Today I lost my bestest canine pal, Jasmine. I could care less about riding a bike at this moment.
She was 14-1/2. My daughter grew up with her. We have a boatload of great memories with this dog.
This morning, I picked all 80 lbs of her up and lovingly carried her out of the house when I got up (she could no longer stand or walk) and then carried her back in before I left for work. I got two heart-wrencing, sobbing calls from my daughter, who is now a young adult and out on her own. The first was because she was so upset when she got our message saying that Jasmine probably didn't have long to live and the second was when she came by to check on Jasmine, and called to say that she thought Jasmine had passed away.
When I got home, Jasmine was lying where I had left her, and she was gone. I cried so hard. I knew that she was fading, but I thought we had another day or two. I wish I could have said goodbye the right way, but I know that she knew that we loved her. And there was no doubt that she loved us. I'm comforted in the knowledge that she had about as good a life as a dog can have. We took care of her and she took care of us.

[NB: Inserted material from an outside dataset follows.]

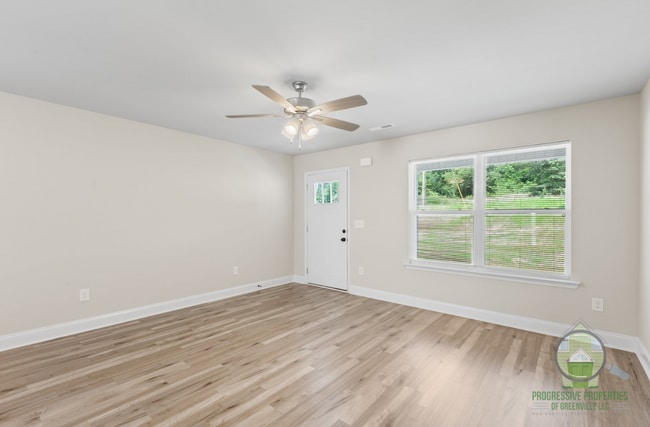 Building Photo - 217 Liberty Dr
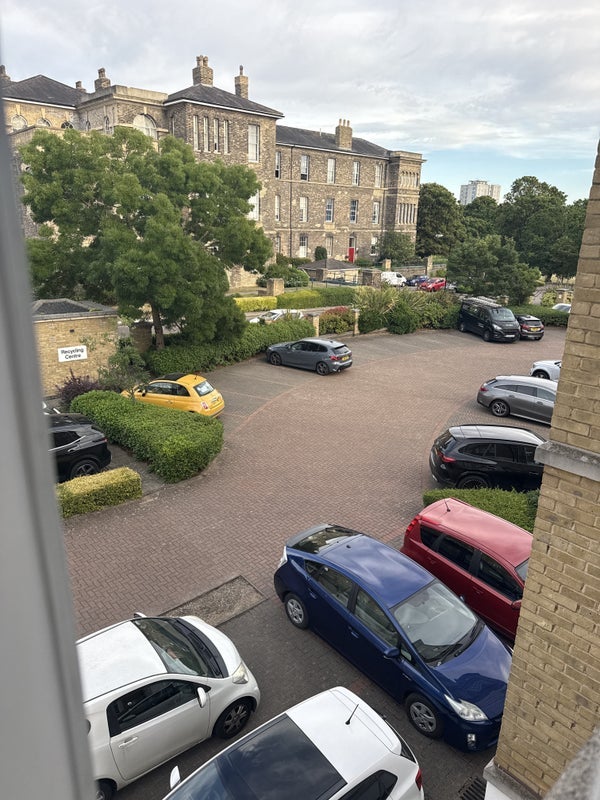 Room Gilbert Close in Greater London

I'm qualified to say that losing a pet is nothing like losing a person that's close to you. But at the same time, it's not insignificant, either, and it hurts like hell. Dogs have such great loyalty and such great spirit. She was 100% devoted to her fam.
Jasmine, aka "The Jazz", aka "Jazzy G", aka "Home Dog".
Sleep tight, sweet girl. We'll remember you always.
P.S. Brandy misses you and hopes she can fill your paws.
P.S.S . You rock at frisbee and ball and swimming.